È in questo cristianesimo funzionale, accessorio, che stanno gran parte delle ragioni dell’ondata di ateismo in Occidente”.
Gli fa eco Vassilios, igúmeno dell’altro monastero di Ivíron: “In Occidente comanda l’azione, ci chiedono come possiamo rimanere per così tante ore in chiesa senza far nulla.
Rispondo: cosa fa l’embrione nel grembo materno? Niente, ma poiché è nel ventre di sua madre si sviluppa e cresce.
Così il monaco.
Custodisce lo spazio santo in cui si trova ed è custodito, plasmato da questo stesso spazio.
È qui il miracolo: stiamo entrando in paradiso, qui e ora.
Siamo nel cuore della comunione dei santi”.
SIMONOS PETRA Simonos Petra è un altro dei monasteri che sono alla testa della rinascita athonita.
Si erge su uno sperone di roccia, tra la vetta dell’Athos e il mare, coi terrazzi a vertigine sul precipizio.
Eliseo, l’igúmeno, è appena tornato da un viaggio tra i monasteri di Francia.
Apprezza Solesmes, baluardo del canto gregoriano.
Ma giudica la Chiesa occidentale troppo “prigioniera di un sistema”, troppo “istituzionale”.
L’Athos invece – dice – è spazio degli spiriti liberi, dei grandi carismatici.
All’Athos “il logos si sposa alla praxis”, la parola ai fatti.
“Il monaco deve mostrare che le verità sono realtà.
Vivere il Vangelo in modo perfetto.
Per questo la presenza del monaco è così essenziale per il mondo.
Scriveva san Giovanni Climaco: luce per i monaci sono gli angeli, luce per gli uomini sono i monaci”.
Simonos Petra fa scuola, anche fuori dei confini dell’Athos.
Ha dato vita a un monastero per monache, un’ottantina, nel cuore della penisola Calcidica.
Un altro ne ha fatto sorgere vicino al confine tra Grecia e Bulgaria.

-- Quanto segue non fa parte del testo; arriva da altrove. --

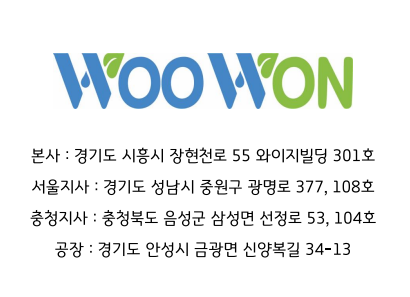 (주)우원이엔지 이미지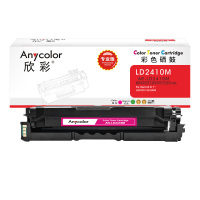 欣彩LD2410硒鼓专业版AR-LD2410M红色 1.5K适用联想LENOVO CS2410DN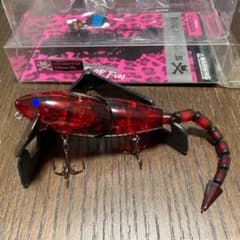 マッドラッド　230mmのサムネイル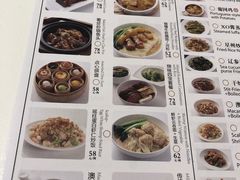-葡珍轩冰室(虹桥机场T1店)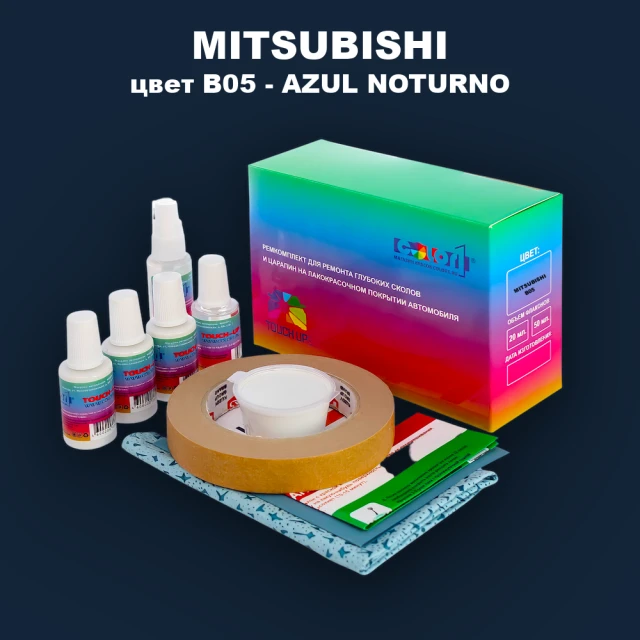 Ремкомплект для ремонта глубоких сколов и царапин MITSUBISHI, цвет B05 - AZUL NOTURNO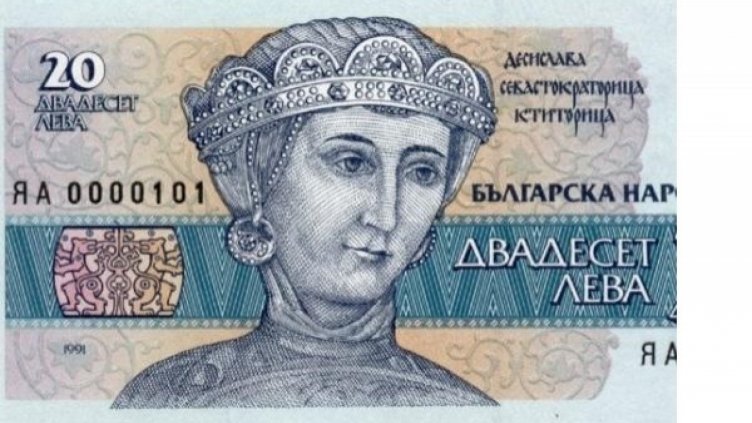 Защо няма жени, изобразени на левчетата ни?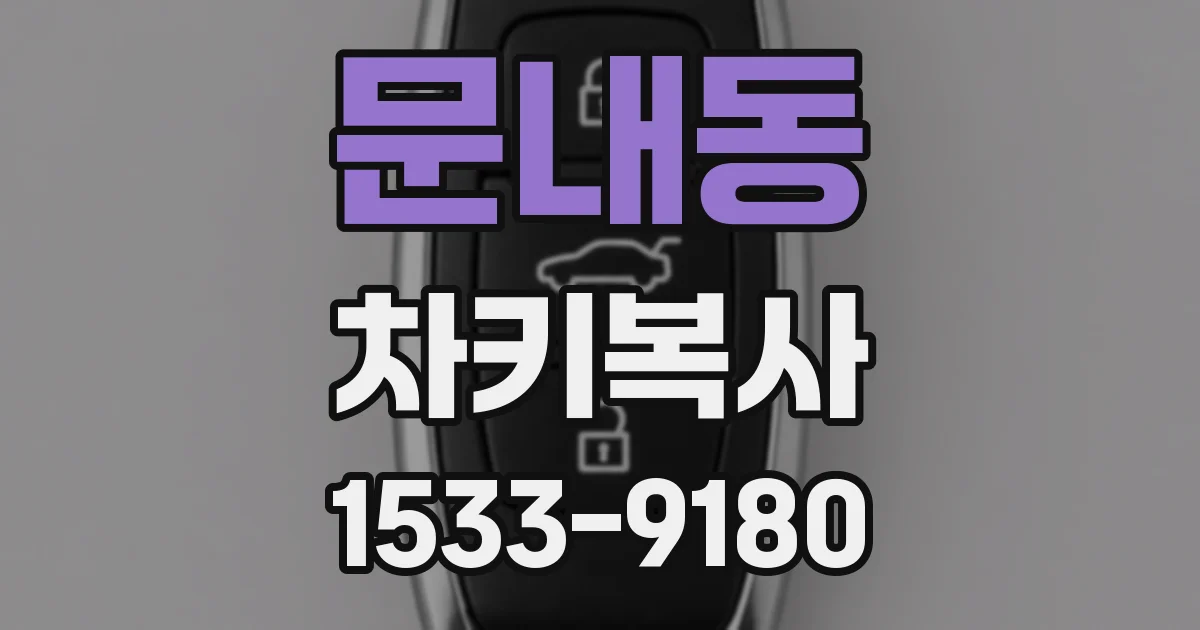 문내동 차키복사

E ha aperto tre altri suoi nuclei monastici persino in Francia.
È un monastero colto, dotato d’una ricca biblioteca.
A notte alta i suoi ottanta monaci, prima della liturgia antelucana, vegliano in cella da tre a cinque ore leggendo e meditando i libri dei Padri.
Athos insonne.
Senza tempo che non sia quello delle sfere angeliche.
Lasciarlo è una dura scossa anche per il visitatore più disincantato.
A Dafne si risale sul traghetto.
Il cadenzato ronfare dei motori vi rimette in pari con gli orologi mondani.
La ragazza greca, la prima, che a Uranúpolis vi serve il caffé, vi viene incontro come un’apparizione.
Con la folgorante bellezza d’una Nike di Samotracia.